私が視覚に障害を負い、見えていた頃の人生と決別して今年で12年が過ぎ去った。現在私は、ちょうど12年前の私と同様に、見えなくなりはじめてさまざまな不安を抱えている視覚障害当事者やそのご家族の方のカウンセリングをボランティアで行っている。

「稲垣さんは見えなくなってからも、旅行とか行くんですか? もし行くとしたら、見えなくて楽しいですか?」

いつもの通り、電話でカウンセリングをしていると、クライアントから予想外の質問が投げかけられた。特別旅行好きというわけでもないが、夏休みなどまとまった休みが取れるときには家族旅行に行ったり、地方へ出張し時間が空いたときなど、機会があればいわゆる観光地と呼ばれる場所を散策したりすることもある。

「見えないなりに、見えていたときとは違う楽しみ方もありますよ」

私はこの質問に、至極当然のように答えていた。

先日、仕事で長崎へ出張したとき、少し時間が空いたので、同行した社員とともにグラバー園を散策した。坂道をゆっくり歩きながら、丘に流れるさわやかな風を感じた。園内に点在する池には、丸々と太った金色の鯉が群れをなして泳いでいる。来園者が池にえさを投げ込むと、えさに向かって鯉の群れが激しく水面をはじく音が立つ。水面の黒と鯉の群れの金色のコントラストは、強度の弱視の私でもその美しさを視認することができる。観光の楽しさを十分に満喫できたひとときであった。

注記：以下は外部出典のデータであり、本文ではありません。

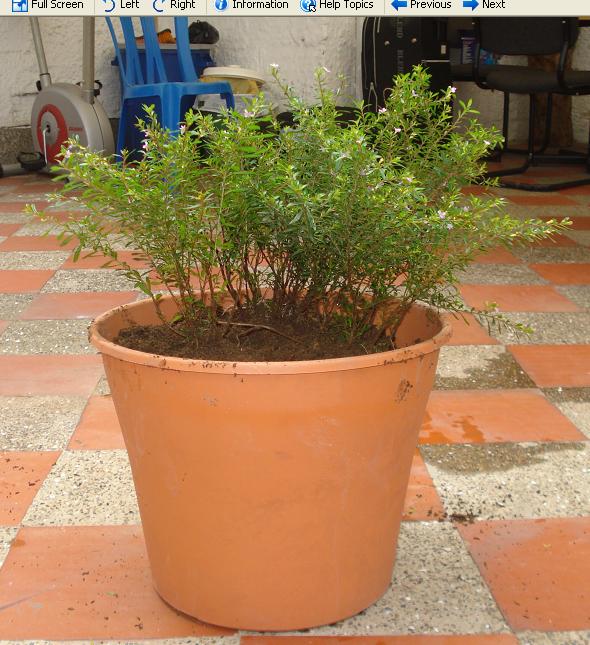 [Foto de planta, jardin, jardineria]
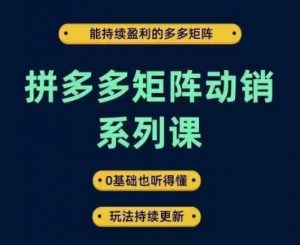 拼多多矩阵动销系列课，能持续盈利的多多矩阵，0基础也听得懂，玩法持续更新-520资源库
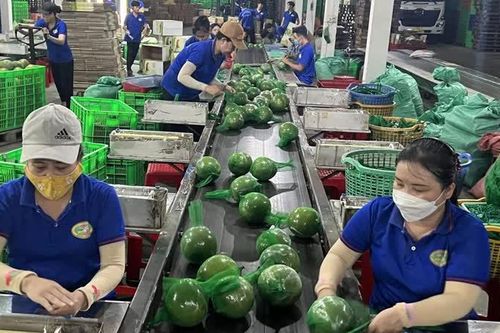 Nông nghiệp nỗ lực tăng trưởng trong khó khăn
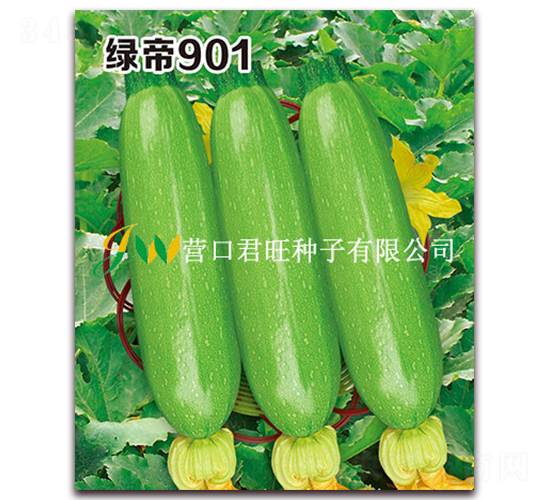 �G��901-�����J�N��-�I�ھ���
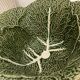 Cabbage barbotine salad bowl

こんな楽しみ方をいつの間に覚えたんだろう……。12年前に見えている世界と別れを告げた当初は、私に質問を投げかけたクライアントと同じように、見えなくなったことで人生の楽しみの多くを失ったように感じていた。正直なところ、今でも私は元通りに見えるようになることを望み、見えなくなってしまった自分を悲しむときもある。それでも私なりに見えない人生の楽しみ方を、知らず知らずのうちに身に付けはじめている。このわずか12年という年月は、見えていた頃には感じることができなかった新鮮な楽しみを私に与えてくれていたのである。

「視覚障害」は、私から、多くのものを奪い去った。と同時に、見えていたら得ることができなかったであろう多くのものを私に与えた。見えないことを悲しむよりも、見えないなりの幸せを実感したい。私は今、この「視覚障害」という障害に、わずかばかりの感謝の気持ちを抱きはじめている。